According to the Consumer Product Safety Commission, 45 percent of injuries on public playgrounds occur at schools. Fifty-three percent of injuries at public playgrounds happen on climbing equipment and 60 percent of those are from horizontal ladders like the monkey bars, the commission says. Most injuries are due to falling, the commission says.

For now, while the monkey bars are going, the rest of the BKW playground equipment will stay.
"We’ll wait until the next lawsuit," Schrade joked.

Goals

The board reviewed its goals for the 2005-06 school year, which are:

—To pass the budget on the first vote in May;

—To understand and comply with the state comptroller’s five-point plan for safeguarding school finance;

—To increase community awareness and knowledge about the budget process;

—To investigate the need for a course and/or extra help for students in test-taking strategies and skills;

—To expand the district’s mentoring program;

—To bring resolution to issues about valedictorian and salutatorian and weighted grades; and

—To develop a five-year facilities-use plan, including special-education requirements, the Westerlo building, and the feasibility of moving the sixth grade to the elementary school.

Other business

In other business at the Aug. 22 meeting, the Berne-Knox-Westerlo School Board:

—Discussed summer training camps for sports teams. Board member Edward Ackroyd asked if the training is required to be on a school sports team and who pays for it. He said some parents have told him their children feel pressured to attend even if they can’t afford it.
"Some are insinuated so hard, they’re almost mandatory and those concern me," Ackroyd said.
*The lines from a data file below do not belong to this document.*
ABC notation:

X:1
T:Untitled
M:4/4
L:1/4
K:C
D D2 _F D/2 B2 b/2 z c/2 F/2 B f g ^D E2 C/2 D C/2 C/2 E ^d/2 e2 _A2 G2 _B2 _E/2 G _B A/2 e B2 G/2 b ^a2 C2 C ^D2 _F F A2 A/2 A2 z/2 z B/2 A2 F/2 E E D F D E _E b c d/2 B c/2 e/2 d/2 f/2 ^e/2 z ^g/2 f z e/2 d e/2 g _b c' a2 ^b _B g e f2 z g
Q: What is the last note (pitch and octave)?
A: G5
Schrade said he would have a report assembled on summer training camps by the Oct. 3 school board meeting; and

—Held a vote on not adding $47,673 to this year’s tax levy to make up for an assessing mistake made last year by the town of Knox. The vote was a 2-to-2 tie. Board president Janet Finke was absent.
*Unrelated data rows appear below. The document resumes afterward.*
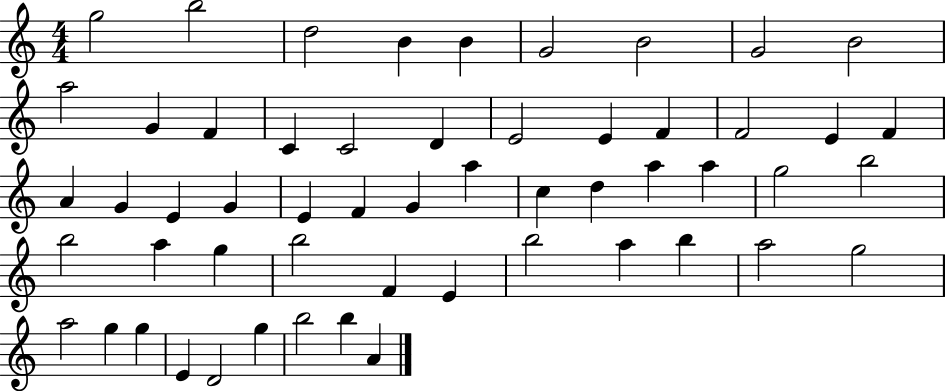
{
  \clef treble
  \numericTimeSignature
  \time 4/4
  \key c \major
  g''2 b''2 | d''2 b'4 b'4 | g'2 b'2 | g'2 b'2 | \break a''2 g'4 f'4 | c'4 c'2 d'4 | e'2 e'4 f'4 | f'2 e'4 f'4 | \break a'4 g'4 e'4 g'4 | e'4 f'4 g'4 a''4 | c''4 d''4 a''4 a''4 | g''2 b''2 | \break b''2 a''4 g''4 | b''2 f'4 e'4 | b''2 a''4 b''4 | a''2 g''2 | \break a''2 g''4 g''4 | e'4 d'2 g''4 | b''2 b''4 a'4 | \bar "|."
}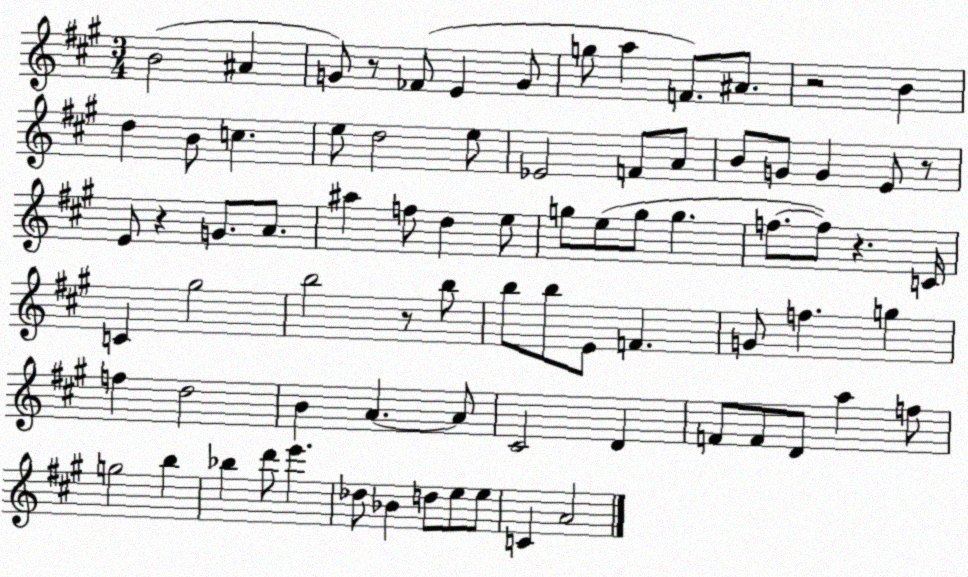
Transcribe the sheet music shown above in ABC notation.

X:1
T:Untitled
M:3/4
L:1/4
K:A
B2 ^A G/2 z/2 _F/2 E G/2 g/2 a F/2 ^A/2 z2 B d B/2 c e/2 d2 e/2 _E2 F/2 A/2 B/2 G/2 G E/2 z/2 E/2 z G/2 A/2 ^a f/2 d e/2 g/2 e/2 g/2 g f/2 f/2 z C/4 C ^g2 b2 z/2 b/2 b/2 b/2 E/2 F G/2 f g f d2 B A A/2 ^C2 D F/2 F/2 D/2 a f/2 g2 b _b d'/2 e' _d/2 _B d/2 e/2 e/2 C A2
Board member Karen Storm voted against the motion with Joan Adriance.
"The only thing I caution the board against, is if the mistake is made again, we’re setting a precedent," Storm said.
"$50,000 was the difference between approving and disapproving the budget," said Ackroyd, who voted for the motion with Maureen Sikule.

The district scheduled an emergency meeting to vote on the issue with all members present for Thursday at 7:15 a.m.